Spring Flowers: Cultivating the Education Program
A trio of four-year olds arrives quietly, ushered in by young teachers. They tiptoe along the carpeted path to my desk by the southerly first floor windows, as we’re preparing a workshop on services for budding alumni. Lemon rose, coral tulip, and purple sweet william are tied in fuchsia-colored satin, an annual token of appreciation from the children of Hollingworth Preschool. A delight, the posy recalls how daylight stretches into evening, and sunnier, warmer weather whisks away the dreary New York City winter.
Highlighting the many seeds sown for Spring, our Socratic conversations embrace timely topics and classic themes of humanity: goodwill, willpower, special needs, superstition, technology, information, diversity, war. Dialogue and discussion model inquiry, as blue hollyhocks bend in a Mediterranean breeze — healthful, dynamic, and vertical appeal.
Partner to Socrates is the University Seminar.
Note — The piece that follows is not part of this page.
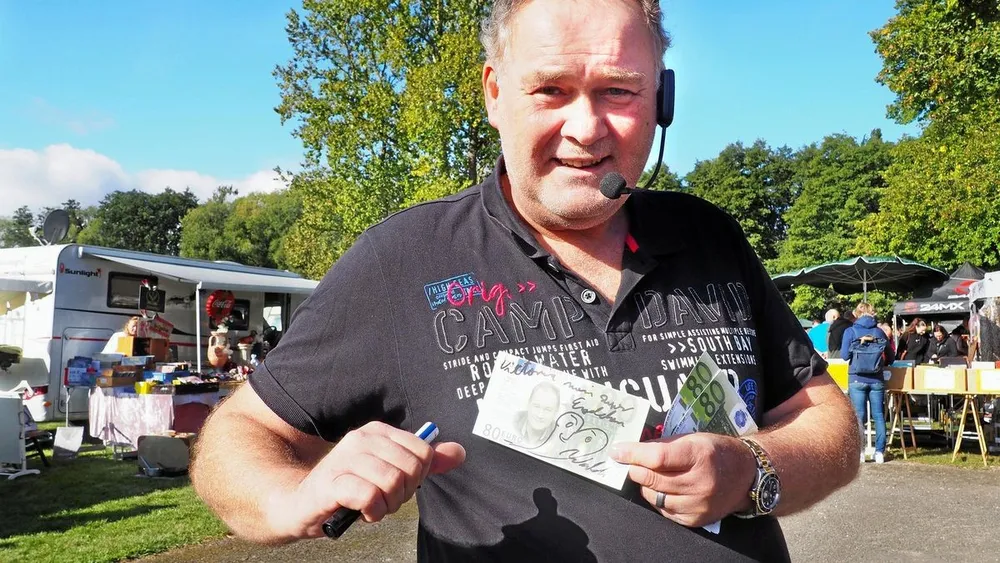 Waldis 80-Euro-Schein mit Widmung.webp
We co-plant fresh talks on willpower, diversity, alternative education, educating the emotions. The seminars liken to sweet-scented hyacinths, also native to the ancient eastern shores of the Mediterranean, now one of the three big Spring bulbs — wholly perfuming our garden in violet splendor on otherwise still Monday nights.
Bilingual-bicultural schooling, critical small schools, immigration and language, social justice and literacy, youth studies, art protest, race and patience petal the yellow daffodils — cheerful narcissus of book talks growing anywhere, anytime, in full sunshine.
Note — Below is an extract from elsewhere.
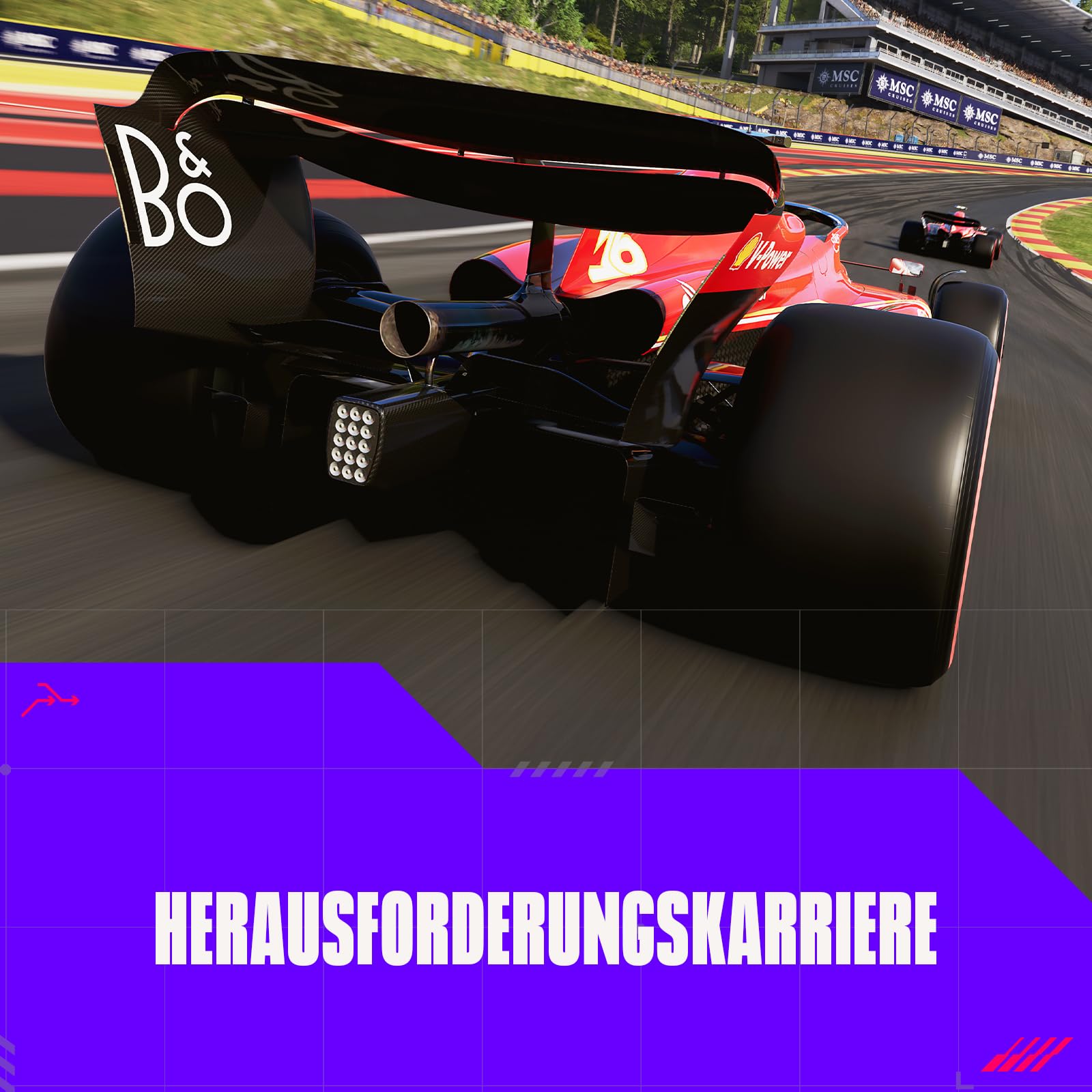 F1 24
Guest Talks are the daylilies – with their abundance of orange flower buds that open over a long period of time: human rights, religion, arts’ development, new forms of music, and teaching to lessen bio-social risk and daily stress. These gorgeous perennials establish quickly, grow vigorously, and survive their winters well.
Jewels to the Spring garden, educational films bloom vividly like primroses. We feature pen pal programs from Bedford Stuyvesant to Sierra Leone; invisible children of Uganda, Daisy Bates of Little Rock, coming of age in Oklahoma, gentrification of New York City, and obesity in our nation. We travel to the Tibet House on the eve of the national elections in Myanmar to host The Lady, admiring pro-democracy leader Aung San Suu Kyi, who pins pure white blossoms to her hair.
Tulips constitute our colorful instructional offerings, stemming with love for a programmatic blend of workshops, working groups, and orientations: social networking, grant seeking and writing, crisis mapping, alumni tools, Moodle, six-word memoir, and tours — in person and with puppets. We eye our patch of deep red gerberas — the databases flowering with resources for Braille, cultural psychology, youth art, child abuse prevention, and alumni resources.
Enriching our soil are live musical performances: celebratory classical (with a twist of graduation, old-time, ragtime), Chinese violin (the erhu), original vocal jazz , and Cuban sounds are the lilies of the valley — the return of happiness in the language of flowers — while that delicate cool grower, the pansy, keeps blooming until the weather turns hot: our cafe exhibits daily news from around the world and historically breaking stories of literature, publishing, sport, adventure, culture, festivals, autism, technology, toys, teachers, and libraries!
We survey our work — growing our garden, tending our plants, catching the mid-May flowers, watching the little ones leave and our graduates go on.